Dataset extract:

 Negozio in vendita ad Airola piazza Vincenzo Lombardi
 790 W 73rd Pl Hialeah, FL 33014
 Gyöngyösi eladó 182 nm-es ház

Brief:
The whole listing above should be output again exactly.

Answer box:
 Negozio in vendita ad Airola piazza Vincenzo Lombardi
 790 W 73rd Pl Hialeah, FL 33014
 Gyöngyösi eladó 182 nm-es ház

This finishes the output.